Stephane Pruvost of JP Maree said: “When you have fewer sellers, there’s less choice on price, and sometimes quality. For now we’ve no other choice.”

Withers said that while landing catches in Denmark could avoid “a lot of Brexit bureaucracy” for crews, the practice may store up wider problems for Scotland’s food and drink sector. He stated: “If boats fish in UK waters, but land in Denmark, processors here are cut out of trade.

“If this becomes a new pattern, it’s a huge concern for processors here.”

Trade insurance group Euler Hermes Group SAS says Brexit may cost UK exporters £25 billion this year as demand weakens and red tape remains, cutting 1.1% from gross domestic product.

READ MORE: 'Grossly incompetent': Scottish salmon company John Ross's fury over Brexit

The SNP has called on Westminster to compensate Scots firms, something shrugged off by the Cabinet Office.

Fish firms in Dr Philippa Whitford’s Central Ayrshire constituency have turned to her for help amidst the upheaval Scotland voted to avoid by backing Remain in the 2016 EU referendum.

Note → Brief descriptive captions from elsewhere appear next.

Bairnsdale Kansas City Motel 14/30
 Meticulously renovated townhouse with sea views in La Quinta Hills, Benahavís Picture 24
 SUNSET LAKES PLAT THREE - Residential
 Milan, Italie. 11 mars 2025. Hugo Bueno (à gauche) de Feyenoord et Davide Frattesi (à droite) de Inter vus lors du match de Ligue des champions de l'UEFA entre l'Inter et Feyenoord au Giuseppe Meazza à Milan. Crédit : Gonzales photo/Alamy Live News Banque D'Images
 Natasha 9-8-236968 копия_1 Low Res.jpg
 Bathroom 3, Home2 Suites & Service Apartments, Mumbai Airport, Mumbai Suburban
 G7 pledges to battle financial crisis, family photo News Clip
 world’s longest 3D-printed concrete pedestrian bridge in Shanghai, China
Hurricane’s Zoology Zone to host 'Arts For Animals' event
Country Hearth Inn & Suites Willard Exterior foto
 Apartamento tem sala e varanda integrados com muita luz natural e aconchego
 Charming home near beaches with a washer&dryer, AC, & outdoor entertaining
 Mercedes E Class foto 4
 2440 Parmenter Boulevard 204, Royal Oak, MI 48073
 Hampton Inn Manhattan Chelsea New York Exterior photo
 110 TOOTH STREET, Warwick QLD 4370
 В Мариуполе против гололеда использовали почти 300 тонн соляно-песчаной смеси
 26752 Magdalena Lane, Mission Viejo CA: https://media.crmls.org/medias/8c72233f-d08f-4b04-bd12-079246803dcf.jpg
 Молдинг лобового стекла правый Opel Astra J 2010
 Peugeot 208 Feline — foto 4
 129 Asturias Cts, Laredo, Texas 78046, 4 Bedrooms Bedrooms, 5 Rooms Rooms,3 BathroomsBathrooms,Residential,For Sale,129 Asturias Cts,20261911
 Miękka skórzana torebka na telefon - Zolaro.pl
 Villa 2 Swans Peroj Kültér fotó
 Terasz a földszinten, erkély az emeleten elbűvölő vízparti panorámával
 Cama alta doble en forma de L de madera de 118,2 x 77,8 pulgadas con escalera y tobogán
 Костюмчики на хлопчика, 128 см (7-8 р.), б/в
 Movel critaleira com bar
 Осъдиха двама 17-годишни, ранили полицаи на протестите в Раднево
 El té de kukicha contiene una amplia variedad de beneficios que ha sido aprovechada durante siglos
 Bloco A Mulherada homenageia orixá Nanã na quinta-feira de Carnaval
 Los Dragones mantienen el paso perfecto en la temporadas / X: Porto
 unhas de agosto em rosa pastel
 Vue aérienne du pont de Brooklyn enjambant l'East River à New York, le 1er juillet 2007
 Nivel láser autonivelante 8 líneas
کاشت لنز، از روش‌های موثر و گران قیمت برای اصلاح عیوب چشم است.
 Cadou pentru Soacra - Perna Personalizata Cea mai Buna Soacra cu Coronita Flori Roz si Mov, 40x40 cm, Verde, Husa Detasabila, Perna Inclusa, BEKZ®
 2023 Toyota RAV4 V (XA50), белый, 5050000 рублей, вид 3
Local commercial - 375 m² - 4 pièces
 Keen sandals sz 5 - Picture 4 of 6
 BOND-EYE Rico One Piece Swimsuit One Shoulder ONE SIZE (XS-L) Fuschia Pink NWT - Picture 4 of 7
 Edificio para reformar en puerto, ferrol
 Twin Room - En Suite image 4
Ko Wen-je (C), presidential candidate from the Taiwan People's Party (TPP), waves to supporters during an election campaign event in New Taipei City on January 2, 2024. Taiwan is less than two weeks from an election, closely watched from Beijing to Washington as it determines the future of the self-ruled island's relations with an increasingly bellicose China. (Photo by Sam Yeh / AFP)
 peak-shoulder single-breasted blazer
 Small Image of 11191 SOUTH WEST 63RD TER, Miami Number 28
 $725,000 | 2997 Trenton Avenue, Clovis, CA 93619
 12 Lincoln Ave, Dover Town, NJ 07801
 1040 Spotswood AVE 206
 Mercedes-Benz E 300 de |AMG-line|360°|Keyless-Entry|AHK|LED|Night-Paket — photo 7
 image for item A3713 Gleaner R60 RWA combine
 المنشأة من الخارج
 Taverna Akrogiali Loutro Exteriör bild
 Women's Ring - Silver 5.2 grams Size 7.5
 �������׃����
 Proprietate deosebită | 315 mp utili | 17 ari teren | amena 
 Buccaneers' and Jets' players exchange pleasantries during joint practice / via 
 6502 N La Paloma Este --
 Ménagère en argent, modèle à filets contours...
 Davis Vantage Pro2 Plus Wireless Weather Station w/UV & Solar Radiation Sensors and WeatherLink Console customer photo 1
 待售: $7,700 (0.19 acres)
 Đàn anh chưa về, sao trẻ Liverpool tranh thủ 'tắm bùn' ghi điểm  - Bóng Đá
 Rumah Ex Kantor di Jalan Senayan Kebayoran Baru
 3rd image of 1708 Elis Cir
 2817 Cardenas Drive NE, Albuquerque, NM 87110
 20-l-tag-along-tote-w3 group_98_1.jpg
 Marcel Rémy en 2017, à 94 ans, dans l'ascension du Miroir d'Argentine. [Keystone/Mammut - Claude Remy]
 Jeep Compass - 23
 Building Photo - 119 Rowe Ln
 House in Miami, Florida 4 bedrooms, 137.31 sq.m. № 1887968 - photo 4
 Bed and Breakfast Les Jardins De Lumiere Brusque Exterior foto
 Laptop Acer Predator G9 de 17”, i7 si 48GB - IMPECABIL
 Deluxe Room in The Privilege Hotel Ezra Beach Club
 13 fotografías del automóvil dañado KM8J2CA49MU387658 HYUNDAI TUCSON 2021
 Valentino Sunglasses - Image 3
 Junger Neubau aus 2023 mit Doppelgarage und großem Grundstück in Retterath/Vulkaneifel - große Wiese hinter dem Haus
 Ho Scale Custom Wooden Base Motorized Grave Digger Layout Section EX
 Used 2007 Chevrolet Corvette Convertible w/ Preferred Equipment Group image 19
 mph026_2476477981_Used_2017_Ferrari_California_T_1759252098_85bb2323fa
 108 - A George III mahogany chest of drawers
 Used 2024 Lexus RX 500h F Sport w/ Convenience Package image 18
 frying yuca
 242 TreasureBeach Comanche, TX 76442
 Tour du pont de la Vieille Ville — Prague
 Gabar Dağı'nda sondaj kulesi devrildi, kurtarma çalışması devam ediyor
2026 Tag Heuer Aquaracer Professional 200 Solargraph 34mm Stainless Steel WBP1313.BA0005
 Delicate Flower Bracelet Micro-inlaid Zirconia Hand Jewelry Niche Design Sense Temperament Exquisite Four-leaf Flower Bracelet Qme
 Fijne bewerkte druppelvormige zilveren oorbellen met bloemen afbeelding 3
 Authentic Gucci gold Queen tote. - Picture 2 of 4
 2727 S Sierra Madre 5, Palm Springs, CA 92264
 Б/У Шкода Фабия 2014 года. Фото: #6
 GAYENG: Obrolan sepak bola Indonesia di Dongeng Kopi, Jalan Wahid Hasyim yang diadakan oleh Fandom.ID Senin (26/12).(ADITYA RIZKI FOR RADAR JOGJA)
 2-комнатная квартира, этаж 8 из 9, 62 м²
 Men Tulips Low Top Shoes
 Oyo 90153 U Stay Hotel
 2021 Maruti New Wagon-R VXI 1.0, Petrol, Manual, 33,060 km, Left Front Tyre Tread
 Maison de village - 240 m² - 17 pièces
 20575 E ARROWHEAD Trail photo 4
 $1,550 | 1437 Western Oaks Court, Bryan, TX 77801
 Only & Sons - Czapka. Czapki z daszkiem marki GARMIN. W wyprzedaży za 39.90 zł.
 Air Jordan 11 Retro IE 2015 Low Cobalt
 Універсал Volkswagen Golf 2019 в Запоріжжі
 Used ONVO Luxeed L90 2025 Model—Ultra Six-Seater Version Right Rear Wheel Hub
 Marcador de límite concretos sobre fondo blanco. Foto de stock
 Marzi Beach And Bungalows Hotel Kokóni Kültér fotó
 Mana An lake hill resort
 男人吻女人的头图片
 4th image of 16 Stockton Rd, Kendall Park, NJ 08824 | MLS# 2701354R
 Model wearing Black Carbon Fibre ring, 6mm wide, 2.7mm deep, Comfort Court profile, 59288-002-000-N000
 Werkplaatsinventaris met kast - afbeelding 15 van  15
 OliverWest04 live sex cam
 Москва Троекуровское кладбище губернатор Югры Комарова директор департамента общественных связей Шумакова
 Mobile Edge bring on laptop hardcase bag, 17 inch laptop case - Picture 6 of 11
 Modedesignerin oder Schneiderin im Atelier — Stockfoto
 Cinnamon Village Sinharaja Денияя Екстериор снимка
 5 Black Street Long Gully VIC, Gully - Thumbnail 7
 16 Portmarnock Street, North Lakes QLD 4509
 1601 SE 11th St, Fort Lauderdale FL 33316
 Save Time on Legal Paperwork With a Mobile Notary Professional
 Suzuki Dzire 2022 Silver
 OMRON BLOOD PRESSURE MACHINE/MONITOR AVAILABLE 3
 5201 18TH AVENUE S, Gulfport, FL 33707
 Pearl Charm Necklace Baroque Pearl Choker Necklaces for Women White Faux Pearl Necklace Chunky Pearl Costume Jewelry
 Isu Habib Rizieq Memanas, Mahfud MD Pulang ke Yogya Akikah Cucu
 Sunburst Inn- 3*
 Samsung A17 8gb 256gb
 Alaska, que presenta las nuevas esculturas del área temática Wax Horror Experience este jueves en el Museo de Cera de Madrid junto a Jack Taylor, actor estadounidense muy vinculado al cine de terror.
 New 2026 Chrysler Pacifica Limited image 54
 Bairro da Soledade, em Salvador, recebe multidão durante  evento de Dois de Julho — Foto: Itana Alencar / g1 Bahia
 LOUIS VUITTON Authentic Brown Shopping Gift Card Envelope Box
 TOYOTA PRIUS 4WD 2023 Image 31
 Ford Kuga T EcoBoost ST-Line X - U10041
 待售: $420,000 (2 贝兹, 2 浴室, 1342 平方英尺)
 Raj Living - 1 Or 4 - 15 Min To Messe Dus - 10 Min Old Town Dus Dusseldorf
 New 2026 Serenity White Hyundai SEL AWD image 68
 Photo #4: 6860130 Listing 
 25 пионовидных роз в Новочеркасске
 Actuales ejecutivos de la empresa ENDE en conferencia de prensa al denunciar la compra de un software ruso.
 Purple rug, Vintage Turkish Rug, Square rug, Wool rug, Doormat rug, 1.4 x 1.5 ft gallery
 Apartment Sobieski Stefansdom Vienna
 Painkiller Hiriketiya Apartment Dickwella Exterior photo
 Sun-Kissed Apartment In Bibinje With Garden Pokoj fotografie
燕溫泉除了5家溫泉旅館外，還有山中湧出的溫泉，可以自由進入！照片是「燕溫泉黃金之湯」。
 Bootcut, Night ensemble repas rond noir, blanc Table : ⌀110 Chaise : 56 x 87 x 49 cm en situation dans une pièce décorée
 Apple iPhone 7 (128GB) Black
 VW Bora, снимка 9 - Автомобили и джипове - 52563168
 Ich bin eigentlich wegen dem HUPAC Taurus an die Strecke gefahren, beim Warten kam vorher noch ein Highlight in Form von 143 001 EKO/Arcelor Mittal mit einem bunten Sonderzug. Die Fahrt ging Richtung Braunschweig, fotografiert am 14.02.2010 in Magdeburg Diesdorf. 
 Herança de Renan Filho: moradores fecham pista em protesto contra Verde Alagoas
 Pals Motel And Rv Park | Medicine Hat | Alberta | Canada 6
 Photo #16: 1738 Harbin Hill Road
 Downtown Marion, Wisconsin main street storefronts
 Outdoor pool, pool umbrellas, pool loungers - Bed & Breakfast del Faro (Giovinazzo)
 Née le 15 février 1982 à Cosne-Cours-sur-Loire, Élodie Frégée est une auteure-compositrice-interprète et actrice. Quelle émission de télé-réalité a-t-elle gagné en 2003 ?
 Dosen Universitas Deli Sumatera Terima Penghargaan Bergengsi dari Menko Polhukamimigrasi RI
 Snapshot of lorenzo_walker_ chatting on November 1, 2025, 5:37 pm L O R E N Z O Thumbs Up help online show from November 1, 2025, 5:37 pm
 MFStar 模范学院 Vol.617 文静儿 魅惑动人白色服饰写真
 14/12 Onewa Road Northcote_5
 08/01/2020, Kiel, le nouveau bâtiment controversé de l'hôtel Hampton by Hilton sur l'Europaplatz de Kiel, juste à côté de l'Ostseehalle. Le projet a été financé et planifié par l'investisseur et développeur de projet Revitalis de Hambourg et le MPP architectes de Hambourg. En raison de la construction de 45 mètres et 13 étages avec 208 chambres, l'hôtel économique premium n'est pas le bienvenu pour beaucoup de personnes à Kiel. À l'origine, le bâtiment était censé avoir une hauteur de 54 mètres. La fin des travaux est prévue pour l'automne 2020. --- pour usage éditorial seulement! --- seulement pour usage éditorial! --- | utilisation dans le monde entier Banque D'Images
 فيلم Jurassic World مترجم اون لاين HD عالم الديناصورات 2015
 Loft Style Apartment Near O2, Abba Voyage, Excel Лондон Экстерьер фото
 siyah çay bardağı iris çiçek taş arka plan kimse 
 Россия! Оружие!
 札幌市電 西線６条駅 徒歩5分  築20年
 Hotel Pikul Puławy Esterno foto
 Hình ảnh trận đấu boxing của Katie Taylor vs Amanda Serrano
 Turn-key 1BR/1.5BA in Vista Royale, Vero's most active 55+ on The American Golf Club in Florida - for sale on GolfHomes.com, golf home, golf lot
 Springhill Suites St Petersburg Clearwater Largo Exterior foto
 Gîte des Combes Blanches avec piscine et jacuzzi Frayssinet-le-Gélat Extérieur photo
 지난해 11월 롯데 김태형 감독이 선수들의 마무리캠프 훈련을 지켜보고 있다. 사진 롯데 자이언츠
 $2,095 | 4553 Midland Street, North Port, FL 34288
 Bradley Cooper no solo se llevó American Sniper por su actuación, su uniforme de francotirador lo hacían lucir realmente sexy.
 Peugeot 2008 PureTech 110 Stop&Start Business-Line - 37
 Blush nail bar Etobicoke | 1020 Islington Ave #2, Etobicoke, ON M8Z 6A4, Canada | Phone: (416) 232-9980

Yesterday Whitford, the SNP’s Brexit spokesperson, said the issues affect firms all across Scotland: “Scotland was dragged out of the EU against our will and our businesses and vital industries – such as fisheries and food and drink are already being seriously affected. Scottish Government analysis estimates that Scotland’s GDP could be around 6.1% – around £9bn – lower by 2030 compared to EU membership.

“Seafood companies in my own constituency have struggled to complete any exports to the EU this year and many boats are now tied up. Considering the brash promises that were made at the time of the referendum, many feel betrayed.”